If you have access to the data, it would be useful to see what the numbers for the previous 5 or 10 years would look like on this spreadsheet, as a validation of your model.

Fred Buhler

While I agree that our focus should be on national debt service to GDP, it is also important to understand the structure of maturing debt. When does it mature, who is holding our paper, and are they likely to refinance it? In the past, as debt has matured it was easy to refinance it with a new issue; in effect roll it over. However, as some of our key creditors, read China, are less inclined to continue purchasing our paper at current levels, there is a strong probability that we will have to pay some of this paper off. Or dramatically increase the yield, to make it more attractive. Either scenario is unattractive.

George Rebane

Wayne, I'll look for such numbers and hope that you will too. The model, of course, is a 'toy model' - reality will be more complex as I mention in the post. But even this model, on the face of it, contains the major financial factors that determine the impact that national debt will have on a country with the user input GDP growth rate and aggregate tax rate.

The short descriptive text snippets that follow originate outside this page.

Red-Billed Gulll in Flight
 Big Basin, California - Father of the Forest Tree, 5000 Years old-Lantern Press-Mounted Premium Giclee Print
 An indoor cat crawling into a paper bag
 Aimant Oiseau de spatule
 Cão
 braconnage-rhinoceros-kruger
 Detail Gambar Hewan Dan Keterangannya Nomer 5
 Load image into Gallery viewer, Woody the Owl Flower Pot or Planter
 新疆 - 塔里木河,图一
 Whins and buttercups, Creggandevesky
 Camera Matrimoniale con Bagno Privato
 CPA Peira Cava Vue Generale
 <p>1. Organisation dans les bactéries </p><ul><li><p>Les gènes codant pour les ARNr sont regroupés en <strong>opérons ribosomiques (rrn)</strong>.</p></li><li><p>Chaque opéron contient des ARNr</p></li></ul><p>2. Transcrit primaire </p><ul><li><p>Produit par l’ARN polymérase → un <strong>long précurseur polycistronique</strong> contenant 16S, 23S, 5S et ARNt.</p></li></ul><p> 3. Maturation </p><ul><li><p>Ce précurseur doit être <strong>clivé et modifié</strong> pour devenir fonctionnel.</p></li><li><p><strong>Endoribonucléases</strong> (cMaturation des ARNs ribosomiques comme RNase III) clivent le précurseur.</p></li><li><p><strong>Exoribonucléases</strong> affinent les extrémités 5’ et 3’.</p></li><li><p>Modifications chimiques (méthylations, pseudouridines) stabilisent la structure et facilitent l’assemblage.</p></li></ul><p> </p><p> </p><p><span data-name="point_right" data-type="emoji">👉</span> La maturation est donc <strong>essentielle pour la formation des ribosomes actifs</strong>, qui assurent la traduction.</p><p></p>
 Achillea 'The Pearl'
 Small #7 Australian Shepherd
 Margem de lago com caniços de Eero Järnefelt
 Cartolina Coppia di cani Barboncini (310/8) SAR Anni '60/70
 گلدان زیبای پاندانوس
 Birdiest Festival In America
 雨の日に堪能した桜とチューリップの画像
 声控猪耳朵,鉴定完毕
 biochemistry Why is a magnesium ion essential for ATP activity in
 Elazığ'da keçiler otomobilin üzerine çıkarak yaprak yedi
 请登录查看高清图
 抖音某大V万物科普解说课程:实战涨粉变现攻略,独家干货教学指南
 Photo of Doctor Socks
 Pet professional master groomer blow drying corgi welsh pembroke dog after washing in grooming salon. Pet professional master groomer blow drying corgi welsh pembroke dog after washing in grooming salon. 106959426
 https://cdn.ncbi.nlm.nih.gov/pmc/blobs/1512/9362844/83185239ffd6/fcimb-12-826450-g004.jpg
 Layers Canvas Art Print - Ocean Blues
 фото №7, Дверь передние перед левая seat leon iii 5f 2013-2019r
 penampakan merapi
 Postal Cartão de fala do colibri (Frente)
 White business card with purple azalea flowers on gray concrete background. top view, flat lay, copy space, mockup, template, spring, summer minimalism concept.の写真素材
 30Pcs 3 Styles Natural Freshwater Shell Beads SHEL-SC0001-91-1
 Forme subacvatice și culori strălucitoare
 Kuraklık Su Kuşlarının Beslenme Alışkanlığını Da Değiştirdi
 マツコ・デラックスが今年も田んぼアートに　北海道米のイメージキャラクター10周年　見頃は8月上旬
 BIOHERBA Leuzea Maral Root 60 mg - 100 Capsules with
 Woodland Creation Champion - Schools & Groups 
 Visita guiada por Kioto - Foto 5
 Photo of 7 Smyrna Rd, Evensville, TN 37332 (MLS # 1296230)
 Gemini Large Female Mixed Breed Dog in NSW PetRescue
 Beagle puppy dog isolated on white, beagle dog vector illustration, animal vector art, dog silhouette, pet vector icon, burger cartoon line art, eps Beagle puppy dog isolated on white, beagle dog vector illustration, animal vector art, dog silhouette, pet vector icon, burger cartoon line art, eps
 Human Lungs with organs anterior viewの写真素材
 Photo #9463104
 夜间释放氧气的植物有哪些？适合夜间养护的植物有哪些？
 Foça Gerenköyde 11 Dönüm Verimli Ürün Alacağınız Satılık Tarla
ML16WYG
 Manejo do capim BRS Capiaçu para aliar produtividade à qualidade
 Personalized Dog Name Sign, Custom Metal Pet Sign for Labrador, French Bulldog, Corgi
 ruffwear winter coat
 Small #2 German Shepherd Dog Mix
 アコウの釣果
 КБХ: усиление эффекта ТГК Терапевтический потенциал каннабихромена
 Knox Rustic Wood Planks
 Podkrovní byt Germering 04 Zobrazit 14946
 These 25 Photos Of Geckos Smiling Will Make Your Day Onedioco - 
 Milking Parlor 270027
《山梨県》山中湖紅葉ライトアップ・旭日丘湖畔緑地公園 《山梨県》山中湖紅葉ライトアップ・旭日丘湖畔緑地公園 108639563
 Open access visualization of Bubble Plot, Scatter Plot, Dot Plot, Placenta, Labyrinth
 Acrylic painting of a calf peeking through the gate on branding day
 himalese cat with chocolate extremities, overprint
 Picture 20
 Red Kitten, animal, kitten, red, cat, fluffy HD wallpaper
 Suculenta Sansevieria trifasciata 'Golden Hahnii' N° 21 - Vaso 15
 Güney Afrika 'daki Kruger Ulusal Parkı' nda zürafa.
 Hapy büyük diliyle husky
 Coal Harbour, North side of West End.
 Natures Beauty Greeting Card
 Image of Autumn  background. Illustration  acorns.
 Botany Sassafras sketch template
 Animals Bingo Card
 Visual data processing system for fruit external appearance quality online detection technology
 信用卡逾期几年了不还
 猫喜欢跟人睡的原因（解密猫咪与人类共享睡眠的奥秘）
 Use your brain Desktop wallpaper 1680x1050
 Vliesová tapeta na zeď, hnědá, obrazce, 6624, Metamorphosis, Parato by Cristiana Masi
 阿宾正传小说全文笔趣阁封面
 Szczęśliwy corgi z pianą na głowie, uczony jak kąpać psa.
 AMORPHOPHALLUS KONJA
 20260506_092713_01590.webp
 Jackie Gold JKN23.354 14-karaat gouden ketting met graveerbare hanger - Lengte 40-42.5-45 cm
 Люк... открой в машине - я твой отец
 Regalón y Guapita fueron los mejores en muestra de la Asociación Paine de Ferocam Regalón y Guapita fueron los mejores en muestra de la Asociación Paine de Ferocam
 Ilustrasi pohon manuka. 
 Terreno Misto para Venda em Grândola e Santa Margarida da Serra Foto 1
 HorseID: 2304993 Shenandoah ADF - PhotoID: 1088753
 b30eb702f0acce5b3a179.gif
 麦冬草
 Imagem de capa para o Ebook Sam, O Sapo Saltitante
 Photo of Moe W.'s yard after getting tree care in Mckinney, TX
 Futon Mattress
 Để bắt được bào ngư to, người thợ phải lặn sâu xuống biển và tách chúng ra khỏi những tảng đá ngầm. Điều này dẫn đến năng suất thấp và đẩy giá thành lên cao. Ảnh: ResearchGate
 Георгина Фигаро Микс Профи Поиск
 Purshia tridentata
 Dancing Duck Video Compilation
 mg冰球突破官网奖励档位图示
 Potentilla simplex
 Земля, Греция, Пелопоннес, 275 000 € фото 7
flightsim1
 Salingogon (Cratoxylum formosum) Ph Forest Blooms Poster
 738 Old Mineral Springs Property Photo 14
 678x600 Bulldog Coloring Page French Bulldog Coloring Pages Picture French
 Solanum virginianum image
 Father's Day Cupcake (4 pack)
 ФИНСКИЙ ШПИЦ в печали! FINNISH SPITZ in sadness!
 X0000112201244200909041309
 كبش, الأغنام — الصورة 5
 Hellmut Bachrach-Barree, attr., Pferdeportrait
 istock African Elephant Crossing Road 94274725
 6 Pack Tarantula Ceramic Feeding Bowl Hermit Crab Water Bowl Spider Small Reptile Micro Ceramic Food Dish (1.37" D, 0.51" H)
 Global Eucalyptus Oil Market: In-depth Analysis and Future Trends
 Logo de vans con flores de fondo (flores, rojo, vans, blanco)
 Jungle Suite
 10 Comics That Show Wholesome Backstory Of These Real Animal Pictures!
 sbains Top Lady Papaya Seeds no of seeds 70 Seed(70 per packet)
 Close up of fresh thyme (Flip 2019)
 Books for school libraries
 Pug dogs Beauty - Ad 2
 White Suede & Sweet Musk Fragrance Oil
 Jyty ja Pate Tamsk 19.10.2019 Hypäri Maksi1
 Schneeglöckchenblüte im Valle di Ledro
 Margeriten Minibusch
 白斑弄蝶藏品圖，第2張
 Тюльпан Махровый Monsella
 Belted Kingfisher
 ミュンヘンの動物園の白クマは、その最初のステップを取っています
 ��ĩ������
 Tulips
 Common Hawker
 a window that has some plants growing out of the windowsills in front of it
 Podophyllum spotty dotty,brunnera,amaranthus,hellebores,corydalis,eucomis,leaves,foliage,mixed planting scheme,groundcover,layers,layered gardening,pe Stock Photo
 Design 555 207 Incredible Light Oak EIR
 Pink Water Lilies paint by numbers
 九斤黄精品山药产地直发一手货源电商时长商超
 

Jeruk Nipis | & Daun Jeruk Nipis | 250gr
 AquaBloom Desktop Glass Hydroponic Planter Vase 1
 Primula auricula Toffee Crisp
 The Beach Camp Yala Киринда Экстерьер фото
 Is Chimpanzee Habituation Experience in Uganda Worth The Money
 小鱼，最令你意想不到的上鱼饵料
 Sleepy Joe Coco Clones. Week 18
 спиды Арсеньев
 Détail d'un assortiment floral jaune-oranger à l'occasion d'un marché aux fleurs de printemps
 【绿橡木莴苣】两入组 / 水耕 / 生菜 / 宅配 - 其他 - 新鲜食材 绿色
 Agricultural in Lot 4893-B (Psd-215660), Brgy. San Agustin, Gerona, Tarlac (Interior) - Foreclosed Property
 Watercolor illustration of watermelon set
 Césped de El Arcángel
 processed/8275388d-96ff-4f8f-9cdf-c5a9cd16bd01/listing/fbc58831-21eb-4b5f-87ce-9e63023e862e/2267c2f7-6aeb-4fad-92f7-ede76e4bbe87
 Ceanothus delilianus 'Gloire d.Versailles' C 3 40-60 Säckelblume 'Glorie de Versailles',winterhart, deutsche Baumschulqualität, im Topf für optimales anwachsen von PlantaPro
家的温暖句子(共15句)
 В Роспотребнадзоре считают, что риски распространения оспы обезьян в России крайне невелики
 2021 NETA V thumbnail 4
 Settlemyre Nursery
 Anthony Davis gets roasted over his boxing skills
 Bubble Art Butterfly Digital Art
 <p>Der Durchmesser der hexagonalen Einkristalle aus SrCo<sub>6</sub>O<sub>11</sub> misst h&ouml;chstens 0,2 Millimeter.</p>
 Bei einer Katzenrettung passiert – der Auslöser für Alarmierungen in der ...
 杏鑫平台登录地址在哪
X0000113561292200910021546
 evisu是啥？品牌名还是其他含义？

Fred, I agree with your finer points. Those factors can be represented in this simple (i.e. 'toy') model by appropriately modifying the interest rate that is needed to service the riskier loans that will be made to us. As an international banker, you could probably enlighten us with how our vaunted 'risk free' interest on Treasuries will be affected as our debt service to GDP ratio grows.

Fred Buhler

Interesting point. And of course, Treasuries are always referred to as the "risk free" basis for pricing other transactions. However, I have always argued there is no such thing as "risk free". Whether it is default or pricing related risk, there is always risk. Similar to our state, as the perception of risk increases, so the pricing increases.